In my last blog I shared the journey of how issue detection has evolved at Pure. We also recently announced that FlashArray//M has achieved 99.9999% availability, inclusive of upgrades and maintenance, across the installed base in its first year of shipment. Pure1 Global Insight is a key ingredient in delivering this Always-On experience for our customers. In this blog I will share in more detail the architecture and operational aspects of Pure1 Global Insight, the capability behind Pure1 predictive support.
Global Insight Foundation
The main idea behind Pure1 predictive support is the fingerprinting of every issue we have previously identified. We constantly scan the live telemetry data from all Pure arrays to see if a fingerprint is matched. Finding a match results in a proactive alert to Pure Support and/or the customer to resolve the potential issue before it has any impact on the customer.

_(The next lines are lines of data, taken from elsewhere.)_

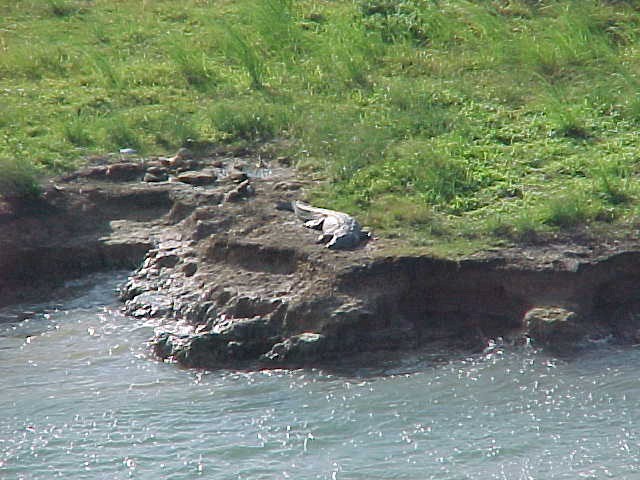 alli2.jpg (94805 bytes)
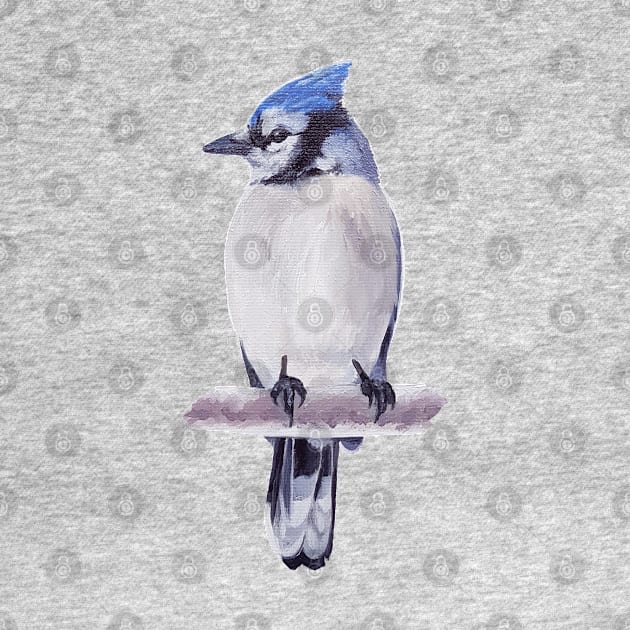 Blue Jay in Silver Light (no background) by EmilyBickell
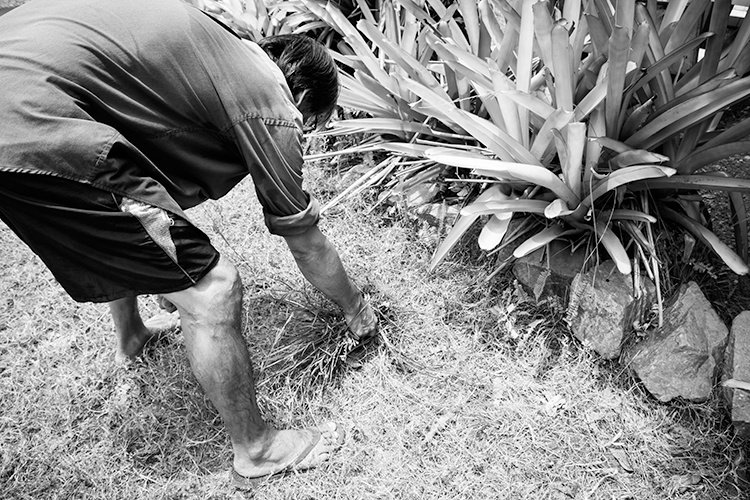 Man bending over to pick weeds.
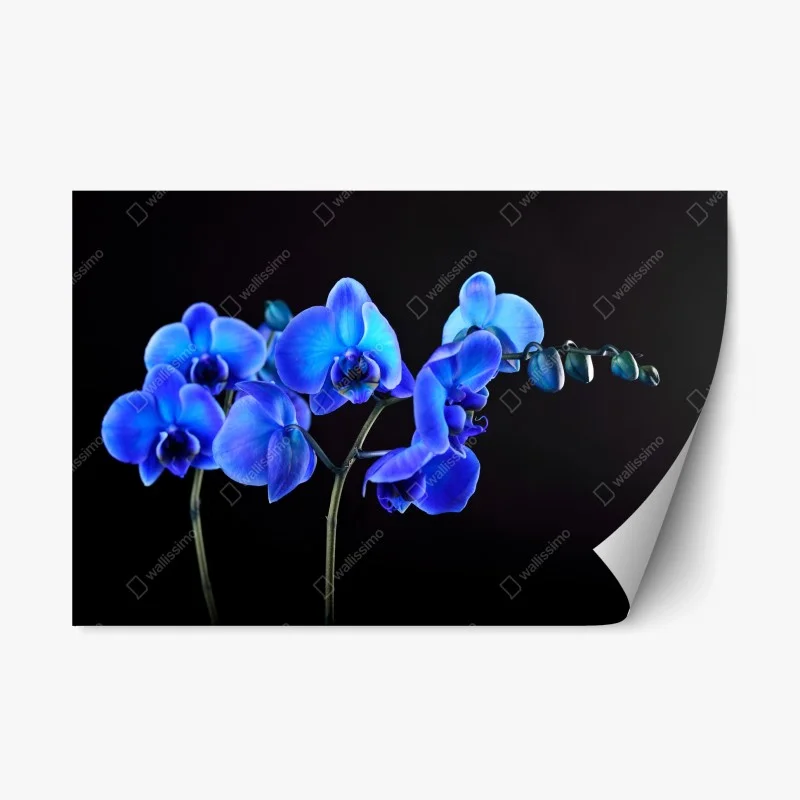 Fleurs et plantes – Wallnifity®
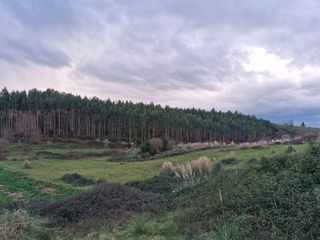 Finca rústica a Barrio valmoreda 10. Finca rústica en oruña de piélagos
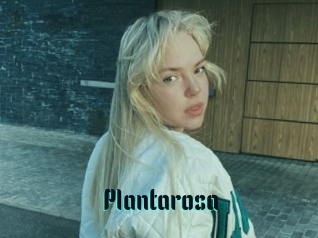 Plantarosa
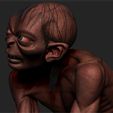 gollum 0017.jpg STL file Gollum - The Hobbit - The Lord of the Rings・3D printable model to download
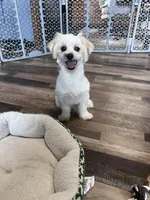 Pitter, a male Shichon for sale in Canton, SD – Photo 8 of 8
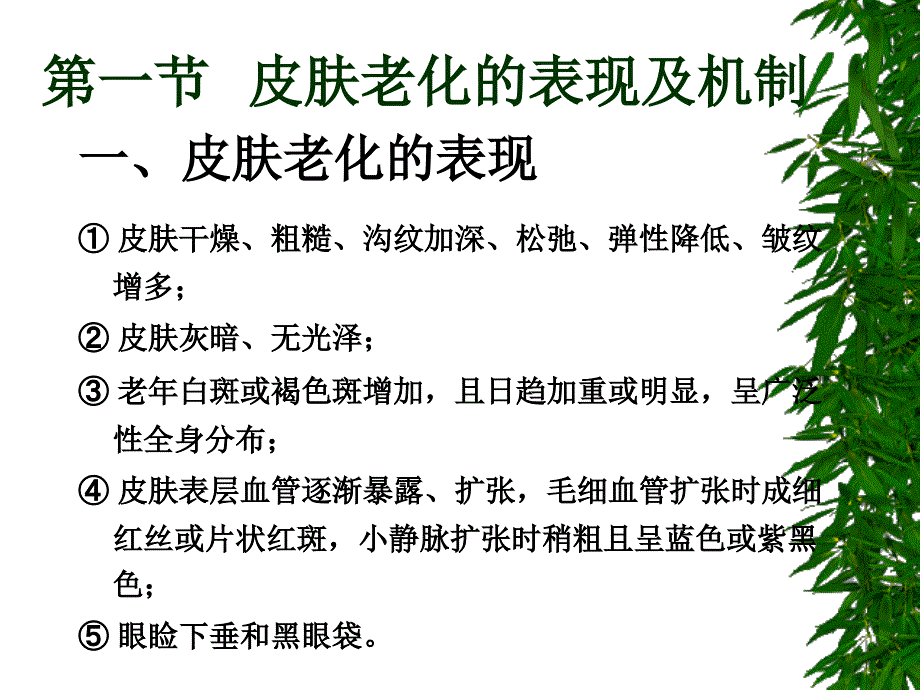 《延缓皮肤老化药》PPT课件_第2页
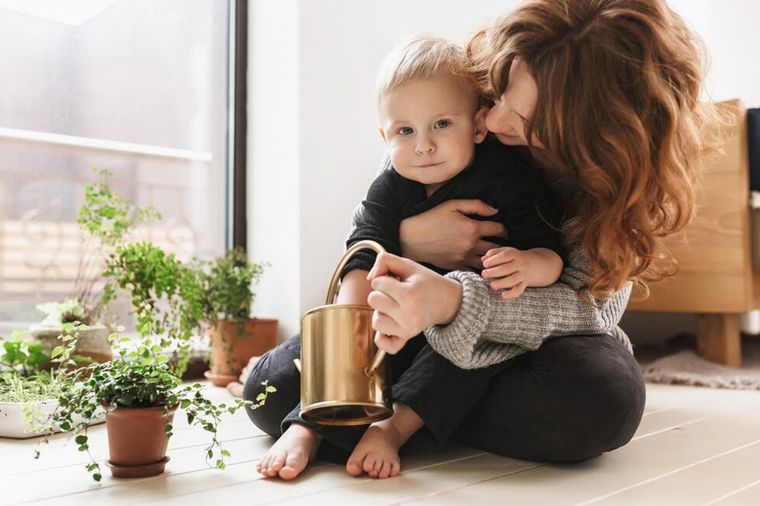 Se pueden incluir flores y plantas entre los elementos decorativos (Freepik/Edisur)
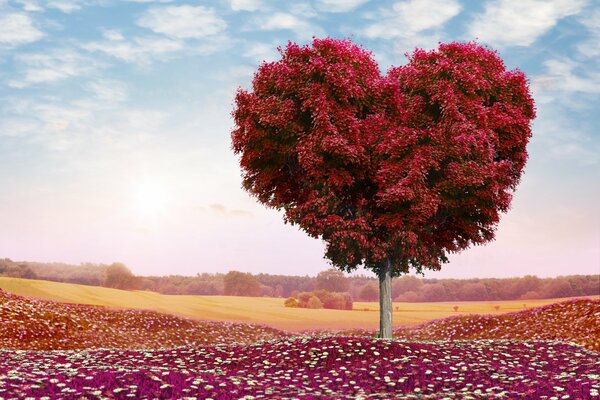 Árbol de amor en el fondo de una puesta de sol rosa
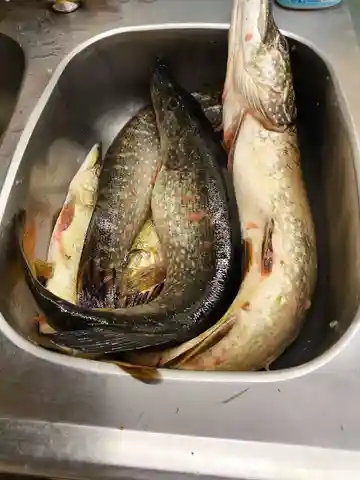 Щука свежая с икрой и филе - частное объявление в Энгельс-Саратов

Fingerprints started as signatures for specific issues but have grown to be so much more. Some fingerprints monitor issues with the storage network or workloads on the array. Recently, we began “crowd-sourcing” anomalies: using the vast amount of telemetry data arriving from customer arrays to build models for normal operations and to identify deviations. These deviations can trigger investigations and resolutions before a single array is affected. I will discuss fingerprints in more detail in the next section. For now, let’s look at the big picture.

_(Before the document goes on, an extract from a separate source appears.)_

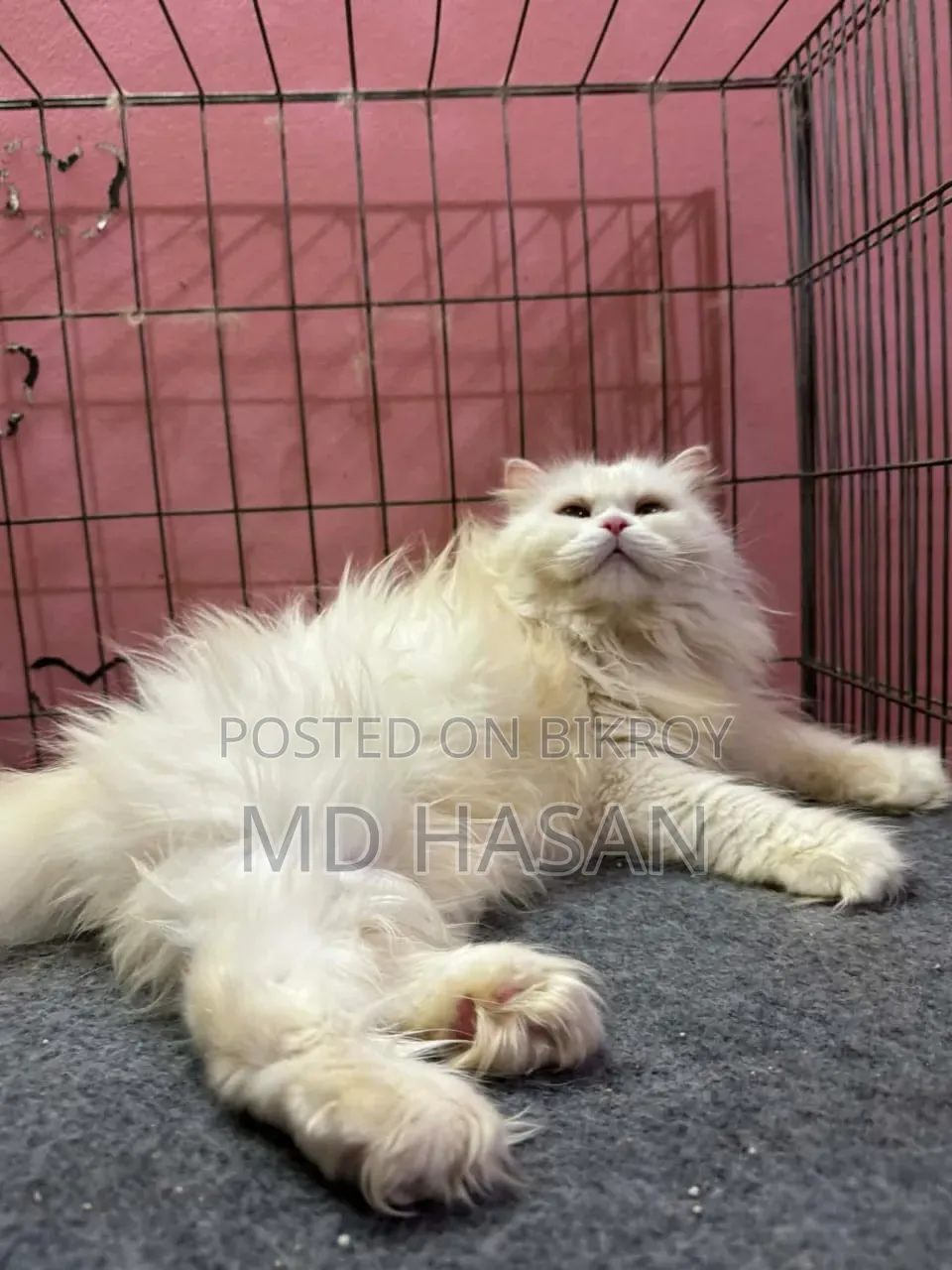 1+ year Female Purebred Persian Cat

Above is a rough sketch of how Pure1 predictive support is delivered with Pure1 Global Insight:
- Logs are phoned home from customer arrays as frequently as every 30 seconds
- The logs are run against Pure’s Fingerprint Library
- The results of the fingerprints are put into the results database
- Extracted telemetry data is added to the metrics database
- The alert router determines if the newly arrived results warrant an alert and which kind:
- Alert shown to the customer
- Alert shown to Pure Support
- Alert shown to Pure Engineering
Let’s drill into the fingerprint engine itself as shown in the diagram below.
For each array, we run one instance of the fingerprint engine, processing the logs that arrived that hour for that array as well as accessing the results and metrics databases. Fingerprints are arranged as a directed acyclic graph (DAG) based on dependencies among them. As many as can be executed in parallel are launched. As parent fingerprints finish satisfying a dependency the child fingerprint is launched. All the results of the fingerprints are gathered together and inserted into the results DB. The extracted metrics data is inserted in the metrics DB. The alert router logic then runs against these new results to determine if an alert or ticket needs to be generated.

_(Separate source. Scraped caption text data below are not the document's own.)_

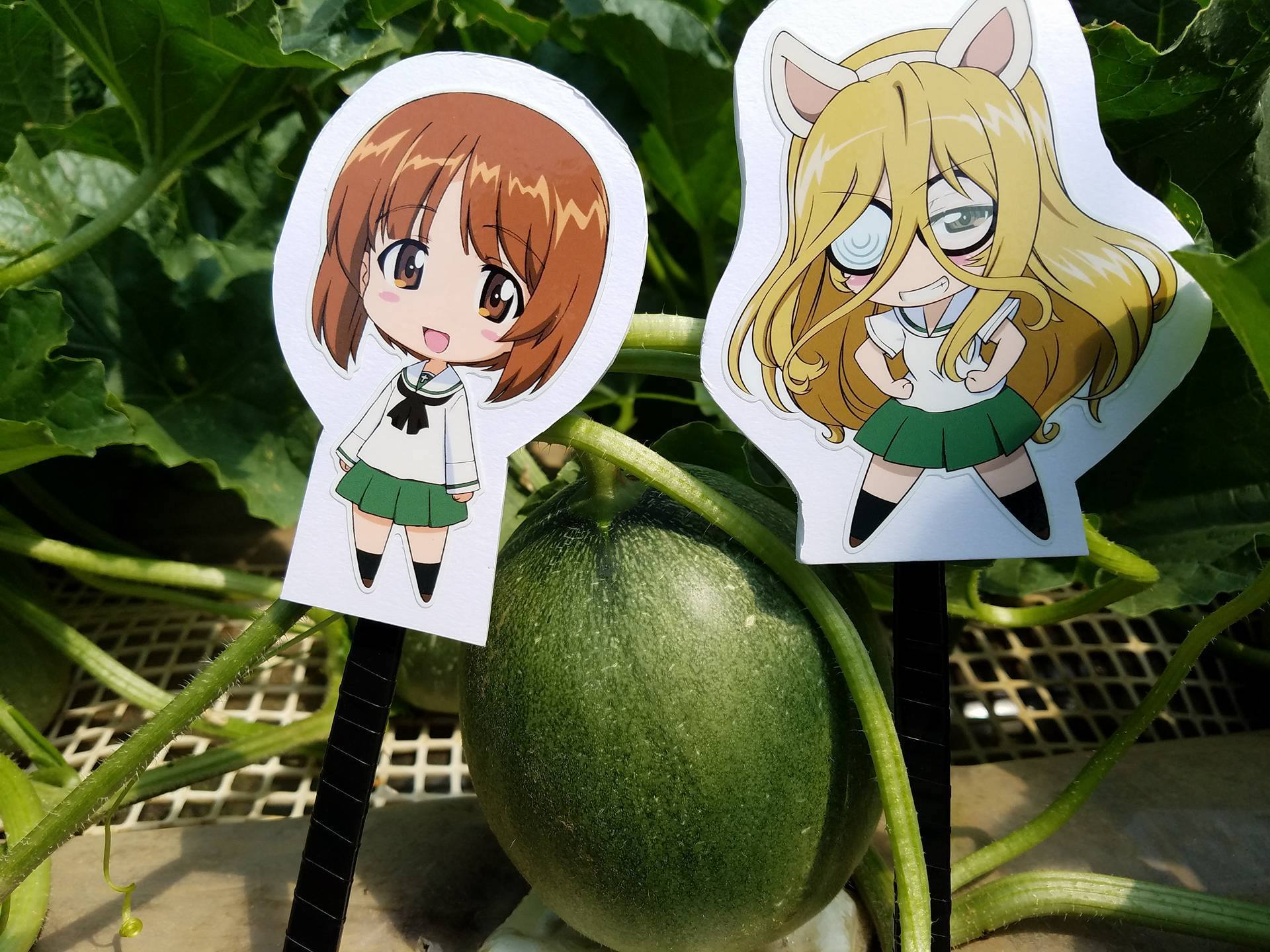 【季節・数量限定】茨城の旬をお届け！ 鉾田市（旭）のガルパンメロンセット！ part 2_a0283448_20353696.jpg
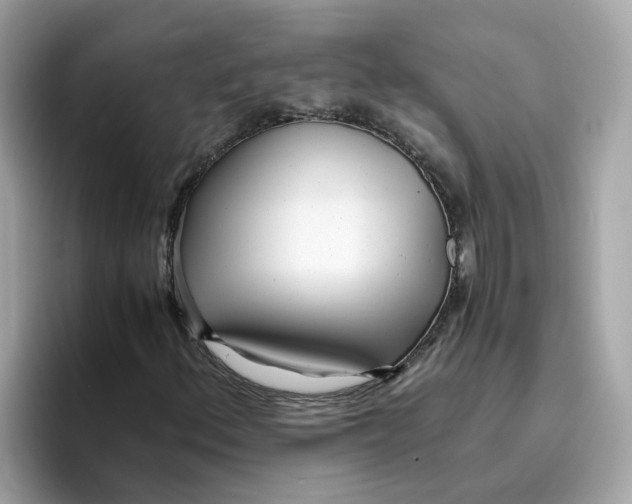 X0000096461156200802141526
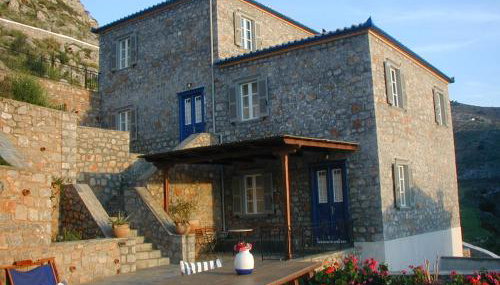 Hydra Erato - Photo 4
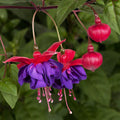 Fuchsia 'Dark Eye'
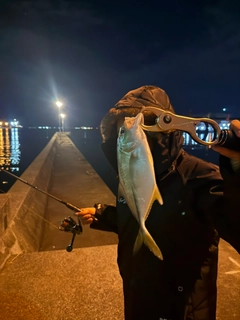 ギンガメアジの釣果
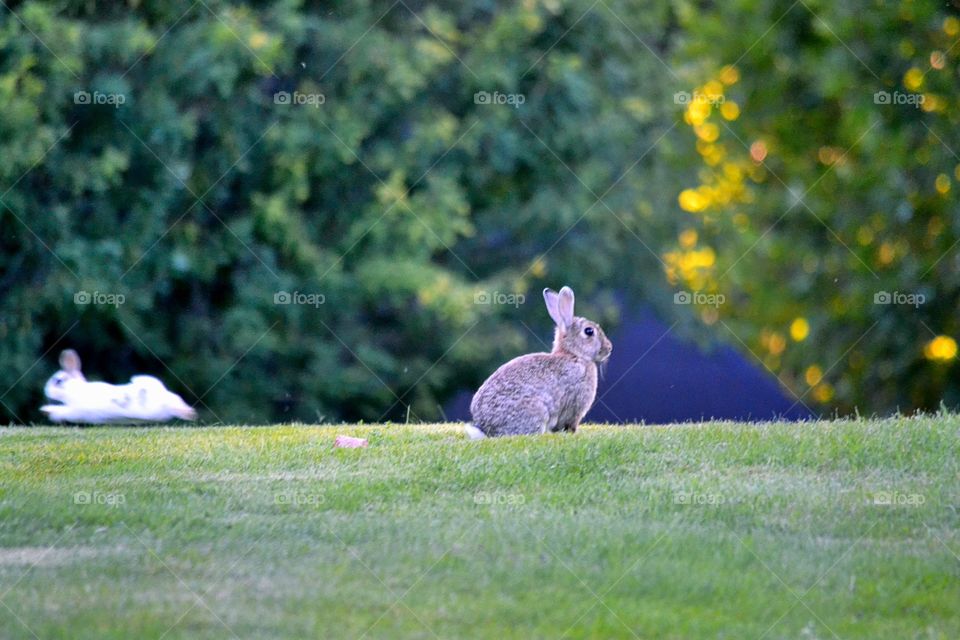 Rabbits in green grass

An optimization called gatekeepers is used to reduce the average runtime of fingerprints by orders of magnitude. A gatekeeper is a less computationally expensive fingerprint that checks for a certain event or conditions (such as a failover). Suppose there is a fingerprint that looks for a particular cause of a failover. There is no point in running that fingerprint if the failover gatekeeper did not find a failover in the logs. Since the failover gatekeeper is much faster than the fingerprints that it makes the system skip and since the vast majority of arrays are healthy this significantly reduces the runtime of the whole set.
Fingerprint Types / Examples
Now that you have a better understanding of how Pure1 Global Insight works and how fingerprints fit in. Let’s take some time to look at the different kinds of fingerprints that we have by focusing on a few examples.
- An issue driven fingerprint (such as an unmap stall):
We have issue driven fingerprints. For example, we discovered an issue where a rare condition would cause the space reclamation process to stall the unmapping of free data. A code change that prevents this issue was released later that day.
This issue is a perfect use case for fingerprints, since there is a natural delay before a patch is broadly installed. A fingerprint detecting the issue was deployed that same day and began monitoring all customer arrays that had not yet been upgraded.
Over the next week, two customer arrays were identified as susceptible to the condition. Because the arrays were identified as soon as the issue happened, the array space usage was never at risk. The customers were contacted and the issues were resolved without any impact.
2. A trend driven fingerprint (such as predicting fullness):
We have trend driven fingerprints, such as user created issues, including unexpected or sudden space usage on the array. This can happen to any storage array. For example, an applications admin further up the stack might change a workload without informing the IT admin. These unexpected changes can be high risk if they have an impact for a long period of time before being discovered by the IT admin, such as in the evening or on a Friday afternoon as they can run all night or over the weekend.
A fingerprint that we deployed looks at the fullness and the input data for the array over a prior period. It extracts typical patterns and seasonalities and attempts to identify the true rate at which array usage is growing. Pure1 Global Insight then asks the question: if this persists when will it hit 100%. Depending on the answer this will trigger a customer alert giving the IT admin an early heads up about a potential issue in the near future.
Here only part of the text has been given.